Давным-давно палец Менгеле указал мою судьбу. Менгеле решил,
что моей маме – идти в печь, Менгеле решил, что мне и Магде –
продолжать жить. На каждой селекции в каждом лагере кто-то решал
за нас: жить или умирать, – у
меня самой никогда не было права
выбора. Но даже тогда, в лагерях, в аду, я могла выбирать, как мне
реагировать, могла выбирать, что говорить и делать, могла выбирать, о
чем думать. Я могла выбрать броситься на бьющую током колючую
проволоку, могла отказаться вставать с нар, могла выбрать бороться и
жить, думать о голосе Эрика и мамином штруделе, думать о Магде
рядом со мной, помнить все, ради чего я должна жить, даже среди
ужаса и потерь. Прошло тридцать пять лет, как я вышла из ада.
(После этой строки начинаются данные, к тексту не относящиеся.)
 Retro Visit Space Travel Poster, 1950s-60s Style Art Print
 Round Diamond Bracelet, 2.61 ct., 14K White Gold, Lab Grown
Панические атаки приходят в любое время дня и ночи, они могут
накрыть меня в моей гостиной так же легко, как и в
старом бункере
Гитлера, потому что моя паника не есть следствие исключительно
внешних возбудителей. Это проявление воспоминаний и страхов,
живущих внутри. Если я добровольно изгоняю себя из определенной
части земного шара, это значит, что я хочу изгнать ту свою ипостась,
которая боится. Возможно, если приблизиться к ней, той части, я
смогу узнать что-то новое.
А как же мое наследие? Всего несколько часов назад Джейсон
стоял на перепутье своей жизни: в тот момент, когда он держал
пистолет в руках, но не спустил курок, когда подумал о
наследии,
которое хочет передать своим детям, когда выбрал что-то другое,
отличное от насилия. Какое наследие я хочу передать? Что останется
после меня в мире, когда я умру? Я уже решила распрощаться с
секретами, отрицанием и стыдом. Неужели действительно я
примирилась с прошлым? Должна ли я разобраться еще с чем-то,
чтобы не увековечивать больше никакой боли?
Я думаю о матери своей мамы, которая внезапно умирает во сне. О
своей матери, чья печаль от внезапной потери детства становится ее
травмой, с самых ранних лет пометившей ее голодом и страхом. И вот
наша мама передает уже своим детям смутное чувство утраты. Что я
передам дальше своим – помимо ее гладкой кожи, ее густых волос, ее
глубоких глаз, помимо боли, печали и гнева, что потеряла ее еще такой
молодой? А если я должна вернуться на место, где была нанесена
травма, чтобы завершить цикл и создать другое наследие?
Я принимаю приглашение в Берхтесгаден.